The `Phrases` mechanism is purely based on statistical cooccurrences, which means, among other things:
* It will be highly sensitive to the corpus on which it is trained, and the effectivive (but tunable) `threshold` & `min_count` values.
* The results will usually not be aesthetically conformant to what a meaning-aware reader (like a human) might prefer, and even extensive tuning may only improve the promotion of some desirable bigrams at the cost of others. So, presenting its results to end-users may often be unappealing. Still, its combinations will often improve the raw text, internally, for info-retrieval or classification purposes - via the addition of bigram tokens that have more useful 'signal' than the original.
The `text8` is a probably a pretty bad set of training data for this purpose. It's not very large (only 100MB), and is just a tiny subset of some old raw Wikipedia text.
Also, all of its text is case-flattened, so no matter how many times `new york` might appear in its training data, it could never possibly learn to promote your `['New', 'York']` to `['New_York']`. It might work on `['new', 'york']` depending on the `text8` frequencies & tuning – I haven't tried.

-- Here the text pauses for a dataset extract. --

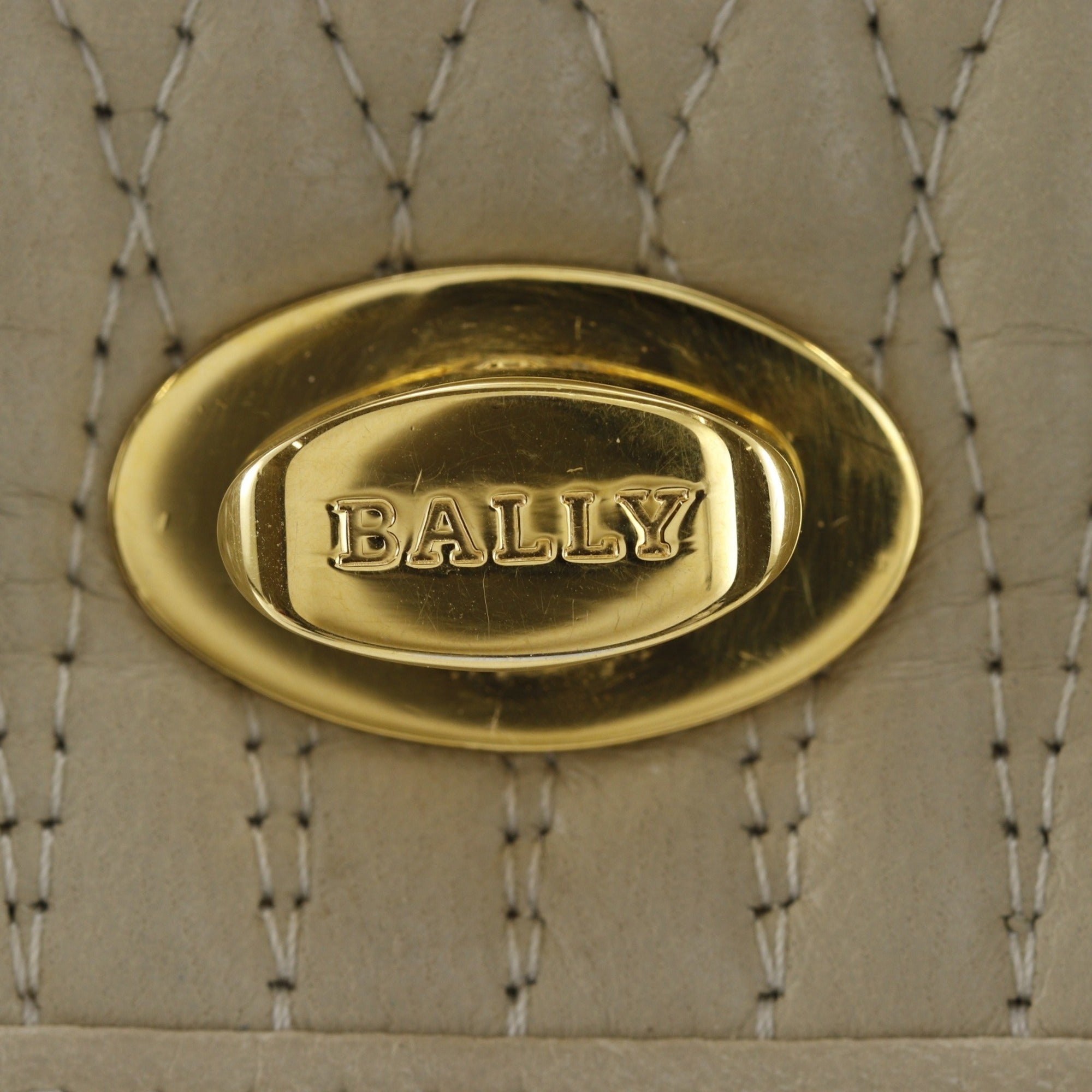 Bally Beige Leather Handbag (Pre-Owned)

So: you probably want to apply it to your own domain data, as large as possible, whenever you can. If using outside training text, you'd want something larger & more applicable to your data than `text8`. You'll want to remain sensitive to applying the same case-handling, & other preprocessing, to both training and later application data.
`Phraser` (aka `FrozenPhrases` in recent releases) is an optimized alternative that discards some state/flexibility for smaller/faster operation – so while trying to tinker to get acceptable results, you probably want to work with only `Phrases` for experimentation. For example, you could tamper with its `threshold` to try to get more or less of the bigrams of interest.
(And if you switch `FrozenPhrases` for later steps, it'll mainly deliver its benefit if you're sure to discard the `Phrases` instance/variable once you're using `FrozenPhrases` instead.)
- Gordon